First let’s distinguish between Federal Student Loan Debt and Private Student Loan debt. Private student loans are more akin to other consumer loans. The lender sets the interest rate, fees and repayment terms. Methods for helping a client with private student loan debt will not be too much different than any other consumer debt. However, of the $1.4 trillion in student loan debt in the U.S., 84% is from federal student loans. Financial counselors will encounter federal student loans far more often than private student loans.
Federal student loans operate under two programs; Federal Direct Loan Program (FDLP), where loans originated and held by the federal government’s Department of Education (ED) and Family Federal Education Loan Program (FFELP), where loans were once originated and held primarily by banks under a government guaranty. It is important to note that since mid-2010, all newly originated loans are under FDLP. All current FFELP debt exists in repayment only. Billing and collection for federal loans are typically outsourced to a third party servicing company.

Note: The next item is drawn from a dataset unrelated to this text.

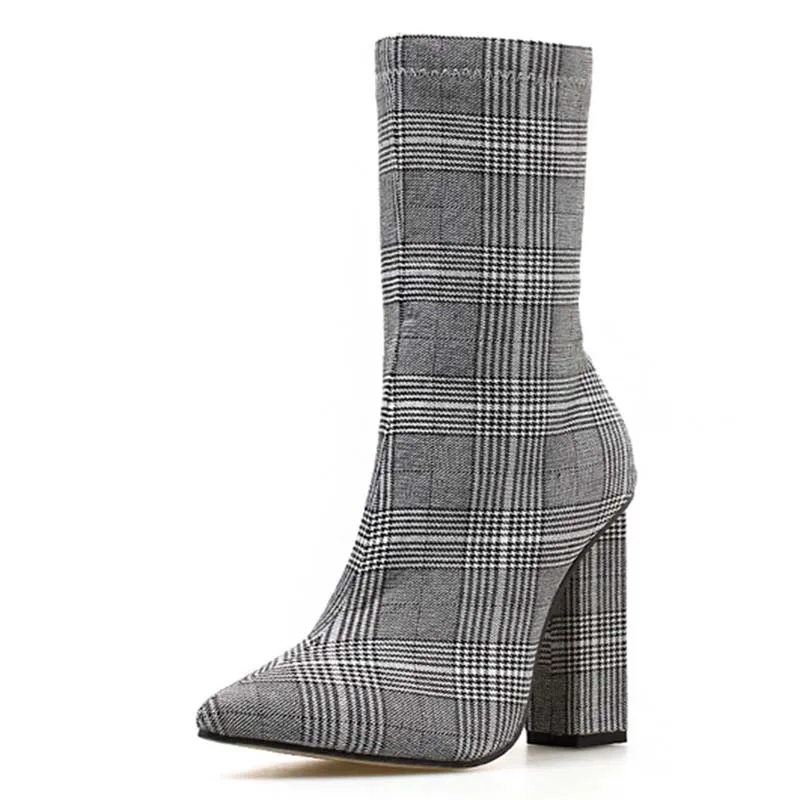 Новый дизайн 2020 Ботильоны с принтом Женская обувь на каблуке Сезон осень зима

Types of Federal Loans for Student Borrowers
- Subsidized – the federal government pays the accruing interest during in school or any other type of authorized deferment period.

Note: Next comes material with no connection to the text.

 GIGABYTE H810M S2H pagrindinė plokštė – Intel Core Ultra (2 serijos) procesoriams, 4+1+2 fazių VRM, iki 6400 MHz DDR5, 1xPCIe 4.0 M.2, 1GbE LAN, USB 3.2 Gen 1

- Unsubsidized – the federal government does not pay any accrued interest.
- Perkins Loan – same accrued interest benefit as Subsidized loans
- Grad PLUS – for graduate students only
- Consolidation – consolidates any or all of the above loans into one loan.
- Parent PLUS Loan – a loan parents can use for undergraduate education expenses for dependent children. This loan is in the parent’ name only and cannot be consolidated with a child’s loans or transferred to the child.
Where to Start
Borrowers often do not know what types of loans they have or if the loans are federal or private. oan servicing companies may manage both types of loans which adds to the confusion. The best place to begin is The National Student Loan Data System (NSLDS). The client can log onto the website with their Federal Student Aid (FSA) ID. If the borrower has been out of school for a while, they may need to create an FSA ID. NSLDS will tell you most everything you need to know—loan amounts, loan types, disbursement dates, balances, interest rates and status of the loan (repayment, deferment, forbearance, delinquent, default). It will also list the loan servicing company for each loan. A borrower’s entire federal student loan history is on this website. Private loans will not be on NSLDS. So if a student believes he or she has a loan that is not included on NSLDS, it is likely a private loan.
The best way to help the client at this point is to review their budget, find out what they can afford on a monthly basis, and if need be, assist them with a phone call to the loan servicing company.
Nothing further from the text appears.